When he emerged from the closet to proclaim himself both gay and Christian, he became a pariah among his former friends and fellow believers. But he longed to get his message across to them, and didn't think that would happen by trading insult for insult.

"Bashing Jerry Falwell is harmful to our cause," White wrote on his Web site, http://www.soulforce.org. He called for a movement, inspired by the teachings of Jesus, Gandhi and Martin Luther King Jr., to change the hearts of those who denounced homosexuals as dangerous corrupters of the nation's morality.

"Before our surprise attack, Jerry had never seen an episode of the Teletubbies, let alone denounced them," White wrote.

"Outloving our enemy is the only way we can prove to Jerry that he is wrong about us, that we have chosen the high moral ground, that we are God's children, too. Bashing Jerry only hurts us. I know from experience. I spent three years bashing Falwell, Robertson, [Focus on the Family founder James] Dobson and the others. I got lots of attention, but I did very little to help our cause and nothing to change the minds and hearts of those who fear us."

Falwell is acting out of a sincere faith and doesn't understand that he is misinformed and misguided, wrote White, who is now a minister in the predominantly gay Universal Fellowship of Metropolitan Community Churches.

"He doesn't understand, let alone believe, that his false and inflammatory rhetoric leads [directly and indirectly] to discrimination, suffering and death. I'm sure that Jerry would condemn those who killed Matthew Shepard (a young man who was murdered in Wyoming) or carved 'fag' into Adam Colton's (a teen who was beaten up in California) chest."

Some gay activists reviled White for his faith in Falwell, but Ellen Douglas, a graphic designer from Brookline, was moved by it.

Like White, her heart and soul had been molded by the evangelical community. Now 40, she struggled desperately against her attraction to others of her own sex. Like him, she accepted the advice that marriage would "cure" her, and wed a close friend.

But the lie she was living nearly destroyed her, she said.

"When I got divorced, it was a question of suicide or being gay," Douglas said.

She chose the latter and moved to Atlanta, where she joined a congregation of the Metropolitan Community Churches.

"I believe my faith is what got me through my hardest time," she said.

Eventually she met the woman who is now her partner. They moved to Pittsburgh and joined Sixth Presbyterian Church, which is known for welcoming gay people. When Douglas heard that White was to visit Pittsburgh last May, she volunteered to drive him to the airport.
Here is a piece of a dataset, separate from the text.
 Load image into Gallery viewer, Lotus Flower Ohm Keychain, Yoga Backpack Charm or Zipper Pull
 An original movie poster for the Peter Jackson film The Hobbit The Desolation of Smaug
White told her that he had been praying for someone with her design talents to get involved in his ministry. Soon she was helping him organize the campaign culminating this weekend in Lynchburg.

The major event will be closed to the media, as the 400 evangelicals and gay rights activists listen to each other's stories and talk in small groups. While in Lynchburg, the gay rights activists will also hold a memorial service for all victims of hatred -- including the evangelical Christians murdered recently during a Texas church service.

They will give $20,000 to the Lynchburg Habitat for Humanity and pick up trash along a Lynchburg road. After worshipping at Falwell's church on Sunday, they plan to follow the Southern evangelical tradition of inviting their new friends out for a meal.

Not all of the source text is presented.